== PROBLEM TO WORK ON ==
Pictures are to be omitted; everything else in the data must be transcribed exactly.

== DATA FOR THIS EXERCISE ==
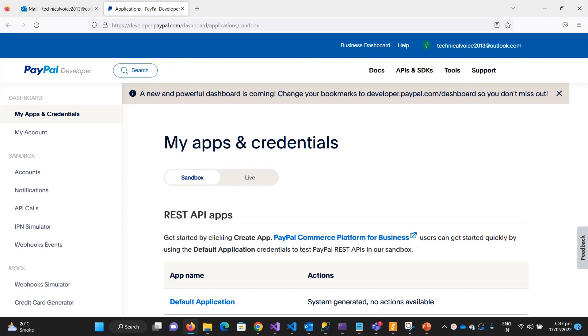Hello everyone, in this video we will look into the sandbox account of PayPal. If you have not seen my last video, please see it because I explained what the sandbox account is and how to create a sandbox account on PayPal.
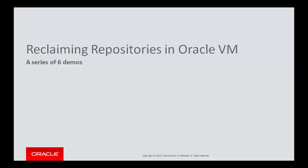This is the fifth demo in the series of six demos about reclaiming repositories in Oracle VM. This video also provides top-level information about the repository reclaim operations for demo 5 and demo 6.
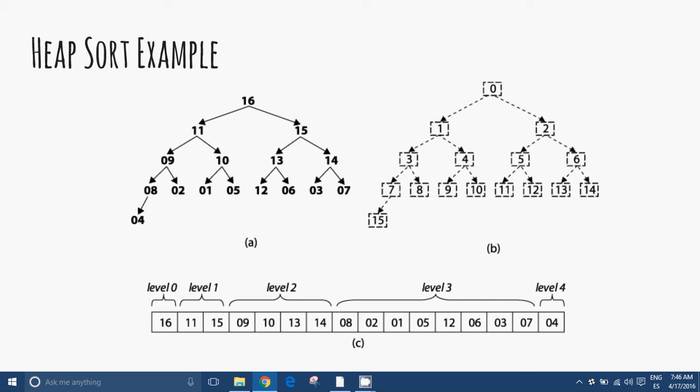The heap sort can be performed in place; the array is split into two parts: the sorted array and the heap. The heap invariants are preserved after each extraction, so the only cost is that of extractions. The heap sort algorithm involves preparing the list by first turning it into a max heap. The algorithm then repeatedly swaps the first value of the list with the last value, decreasing the range considered in the heap operation by one, and shifting the new first value into its correct position in the heap. This repeats until the range of considered values is one value in length.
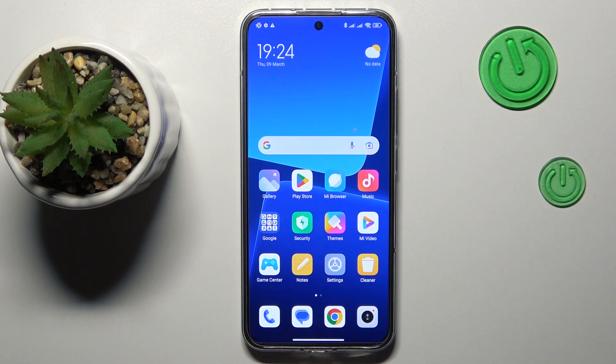This is Xiaomi 13 and today I would like to demonstrate that you can set up parental controls on this device.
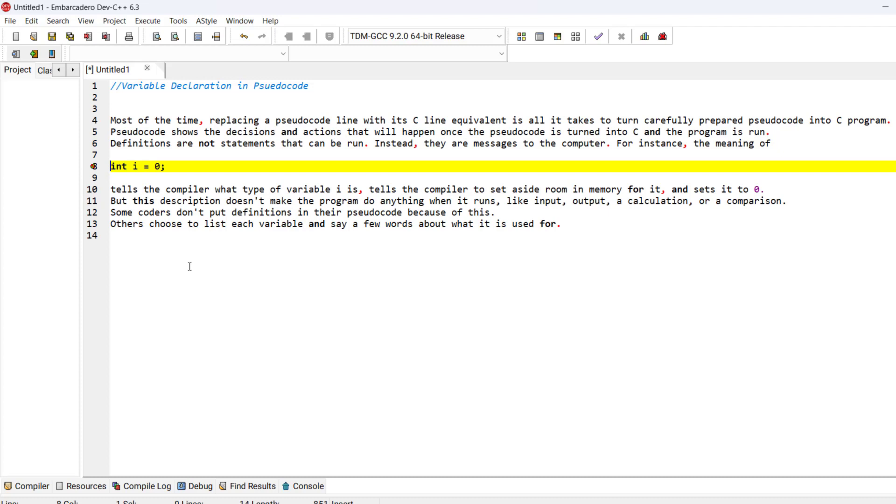So for this reason, some coders don't put definitions in their pseudocode, while other coders may choose to list each variable and say a few words about what it's used for in their pseudocode.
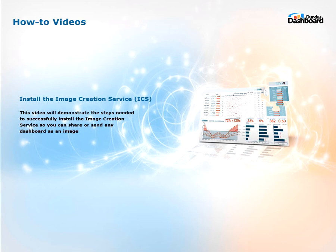Hi everyone, welcome to Dundas Dashboard How-To videos. This video is on how to install the image creation service. It will demonstrate the steps needed to successfully install the image creation service so you can share or send any dashboard as an image.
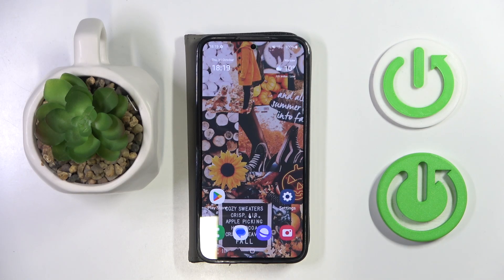Hello, in this video I will show you how to install a ChatGPT widget on Samsung Galaxy S24.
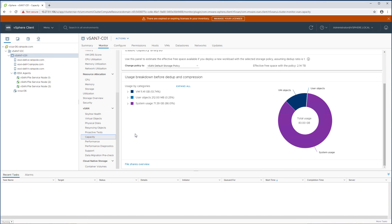First of all from a capacity perspective we actually show all of the information you need in the capacity overview. There's a user object section and in the user object section you can now see that we have file shares available so it shows me the amount of capacity that is being consumed by the file shares.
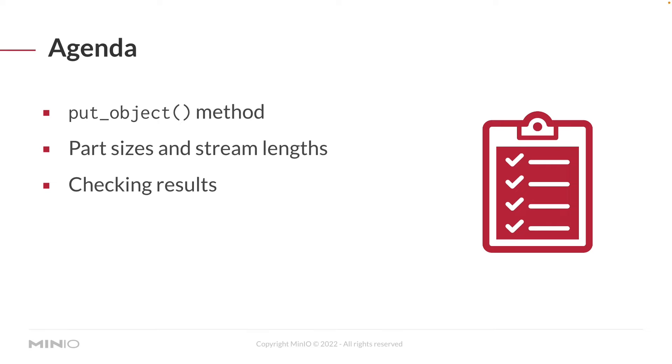And last, we're going to be checking our results so that you can see that you actually uploaded your stream. So let's go ahead and dig into our code.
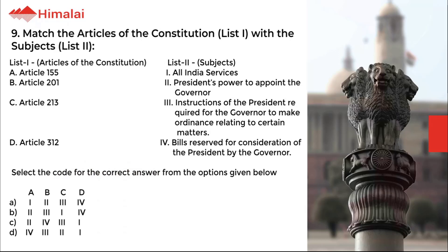Question number 9. Match the Articles of the Constitution in List 1 with the Subjects in List 2. List 1: A. Article 155, B. Article 201, C. Article 213, D. Article 312. List 2: 1. All India Services, 2. President's power to appoint the Governor, 3. Instructions of the President required for the Governor to make ordinance relating to certain matters, 4. Bills reserved for consideration of the President by the Governor. Select the code for the correct answer. The correct option is D.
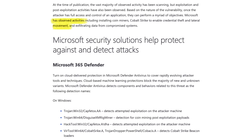But exploitation and post-exploitation activities have also been observed. Based on the nature of this vulnerability, once the attacker has full access and control of the application, they can perform a myriad of objectives. Microsoft in particular reports they've seen activities such as installing coin miners, Cobalt Strike beacons to enable credential theft and lateral movement, and exfiltration of data from compromised systems. This is about as serious as it gets.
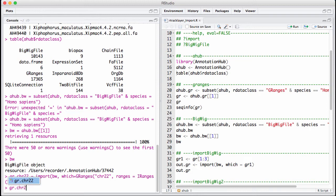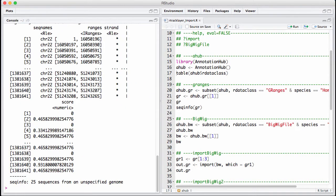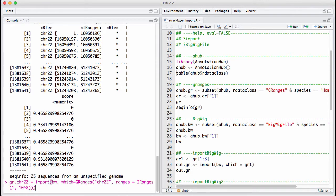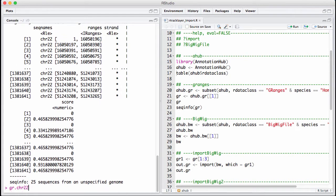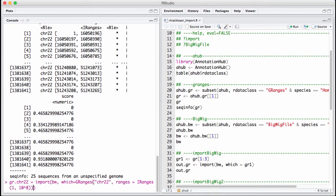We see here, we read it in as a GRanges with a lot of ranges. There's about 1.3 million ranges in this object. We have discussed run-length encoding, and this seems like it might be relevant to have as a run-length encoded vector. So we can use the as argument to the import function and say instead of a GRanges, we want it back as a run-length encoded vector.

== ANSWER SPACE ==
Hello everyone, in this video we will look into the sandbox account of PayPal. If you have not seen my last video, please see it because I explained what the sandbox account is and how to create a sandbox account on PayPal.
This is the fifth demo in the series of six demos about reclaiming repositories in Oracle VM. This video also provides top-level information about the repository reclaim operations for demo 5 and demo 6.
The heap sort can be performed in place; the array is split into two parts: the sorted array and the heap. The heap invariants are preserved after each extraction, so the only cost is that of extractions. The heap sort algorithm involves preparing the list by first turning it into a max heap. The algorithm then repeatedly swaps the first value of the list with the last value, decreasing the range considered in the heap operation by one, and shifting the new first value into its correct position in the heap. This repeats until the range of considered values is one value in length.
This is Xiaomi 13 and today I would like to demonstrate that you can set up parental controls on this device.
So for this reason, some coders don't put definitions in their pseudocode, while other coders may choose to list each variable and say a few words about what it's used for in their pseudocode.
Hi everyone, welcome to Dundas Dashboard How-To videos. This video is on how to install the image creation service. It will demonstrate the steps needed to successfully install the image creation service so you can share or send any dashboard as an image.
Hello, in this video I will show you how to install a ChatGPT widget on Samsung Galaxy S24.
First of all from a capacity perspective we actually show all of the information you need in the capacity overview. There's a user object section and in the user object section you can now see that we have file shares available so it shows me the amount of capacity that is being consumed by the file shares.
And last, we're going to be checking our results so that you can see that you actually uploaded your stream. So let's go ahead and dig into our code.
Question number 9. Match the Articles of the Constitution in List 1 with the Subjects in List 2. List 1: A. Article 155, B. Article 201, C. Article 213, D. Article 312. List 2: 1. All India Services, 2. President's power to appoint the Governor, 3. Instructions of the President required for the Governor to make ordinance relating to certain matters, 4. Bills reserved for consideration of the President by the Governor. Select the code for the correct answer. The correct option is D.
But exploitation and post-exploitation activities have also been observed. Based on the nature of this vulnerability, once the attacker has full access and control of the application, they can perform a myriad of objectives. Microsoft in particular reports they've seen activities such as installing coin miners, Cobalt Strike beacons to enable credential theft and lateral movement, and exfiltration of data from compromised systems. This is about as serious as it gets.
We see here, we read it in as a GRanges with a lot of ranges. There's about 1.3 million ranges in this object. We have discussed run-length encoding, and this seems like it might be relevant to have as a run-length encoded vector. So we can use the as argument to the import function and say instead of a GRanges, we want it back as a run-length encoded vector.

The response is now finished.